O senhor começou a publicar ainda jovem, com “Ária de bolso” (1971). Que inquietações ou motivações o levaram à poesia e como o senhor vê hoje esse primeiro livro?
A motivação é o escritor pensar, nem sempre com razão, que tem algo a contribuir para a literatura de seu tempo. Reeditei algumas vezes esse livro de estreia, em versões cada vez mais reduzidas. Era um livro que apontava em várias direções, do medievalismo à poesia concreta. Algumas delas eu segui, a maioria abandonei.
Sua obra crítica sobre João Cabral de Melo Neto é amplamente reconhecida. O que mais lhe fascina na construção poética de Cabral e como essa admiração moldou sua própria escrita?
Tenho em comum com o poeta a atenção obsessiva na construção do texto, mas com encaminhamentos bem diferentes. Costumo dizer que estudei muito Cabral para, como criador, compreender em minúcias tudo aquilo que não devo fazer, pois já foi admiravelmente feito por ele.
Como o senhor equilibra o papel de poeta e crítico? Essas duas facetas se complementam ou, por vezes, entram em conflito?
Ambos se correspondem sem maior conflito, na medida em que exerço vigilância crítica severa na minha poesia, e tento injetar algum sopro poético em meu ensaísmo.
Durante décadas, o senhor foi professor titular de Literatura Brasileira na UFRJ. Que desafios e alegrias marcaram sua trajetória docente?
O desafio foi incorporar a poesia à cesta básica de cultura de meus alunos, não sei com que grau de sucesso. Mas empenho e entusiasmo não faltaram, creio.
Desde sua eleição para a ABL em 2004, como avalia o papel da Academia na preservação e difusão da literatura brasileira contemporânea?
A Academia exerce papel extraordinário não só na preservação de nossa memória cultural, como também na abertura a questões da contemporaneidade. Pena que seja pouco, e às vezes equivocadamente, conhecida, frente ao tesouro de informações disponível no seu site, http://www.academia.org.br.

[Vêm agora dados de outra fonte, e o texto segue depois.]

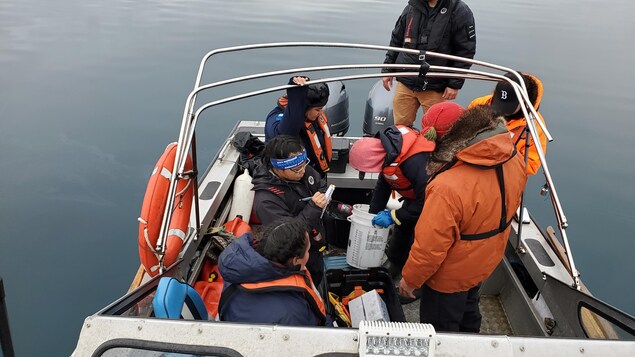 Des étudiants à bord d'un bateau, près d'Iqaluit, en septembre 2022.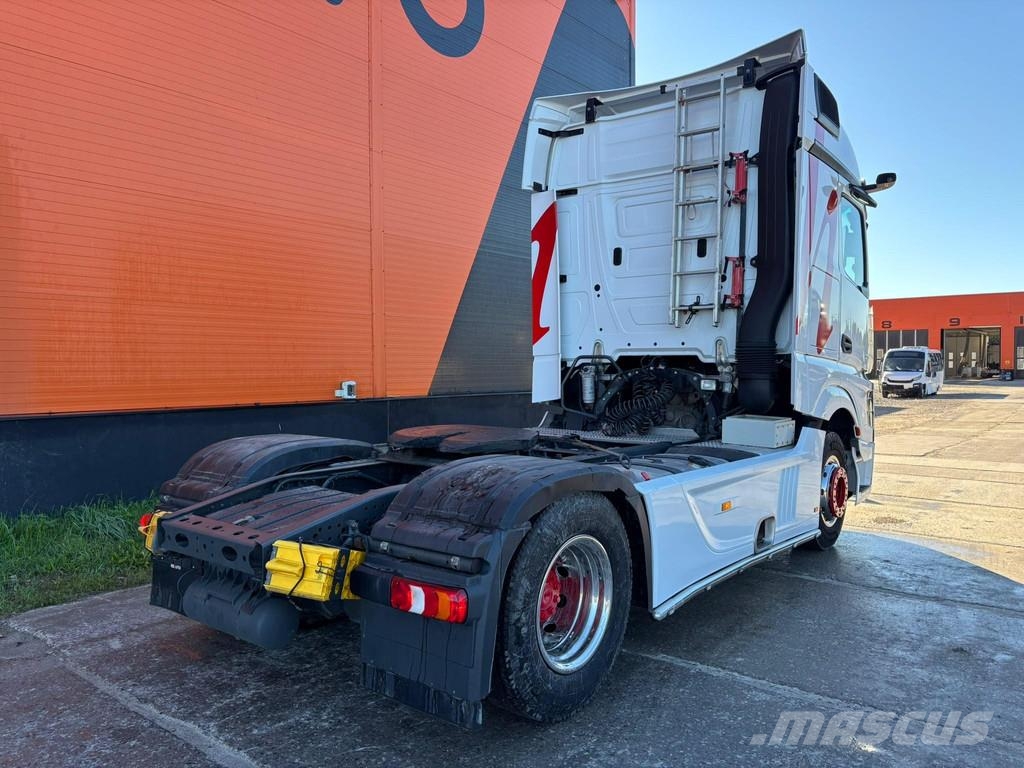 Mercedes-Benz Actros 1845 4x2 BIG SPACE / ADR Sadulveokid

Sua poesia dialoga com a tradição sem deixar de ser contemporânea. Como o senhor encara a tensão entre o clássico e o moderno no fazer poético?
Dialogo com os clássicos não para repeti-los – às vezes, a tonalidade desse discurso é irônica. Desconhecê-los pode levar à repetição involuntária; não me parece que a ignorância tenha produzido muita coisa relevante em termos de poesia.
Como avalia o espaço atual da crítica literária no Brasil, sobretudo em tempos de redes sociais e consumo rápido de conteúdo?
Muita leitura rápida para leitores velozes. Mais releases do que crítica.
O senhor poderia compartilhar conosco quais são os seus projetos literários em andamento, seja na poesia, na crítica ou em outras áreas?
Gavetas praticamente vazias com a publicação simultânea, pela Editora da UNESP, de Papéis de prosa – Machado & mais e Papéis de poesia II. Agora, pretendo me dedicar a um novo livro de poemas – o anterior é de 2017 – e continuar trabalhando na coordenação de projetos da Academia Brasileira de Letras.
Que mensagem deixaria aos leitores que desejam se aproximar mais da literatura? E como os interessados podem acompanhar sua produção e atividades?
Não esquecer o que disse Mallarmé: “Tudo no mundo existe para acabar num livro”. Acrescento: não só para acabar, mas para renascer. Quanto à minha produção, dou notícias na rede social em que sou bastante ativo, o Facebook. Alguns queridos alunos criaram o grupo Secchin Poeta e Professor.
Entre lembranças, reflexões e novos planos, fica claro que sua relação com a literatura continua pulsante e generosa. Seja na poesia, na crítica ou na docência, sua obra convida leitores a pensar, dialogar e descobrir novos caminhos nas palavras. Afinal, como ele mesmo lembra, a literatura não se encerra em um livro: renasce sempre que alguém abre suas páginas.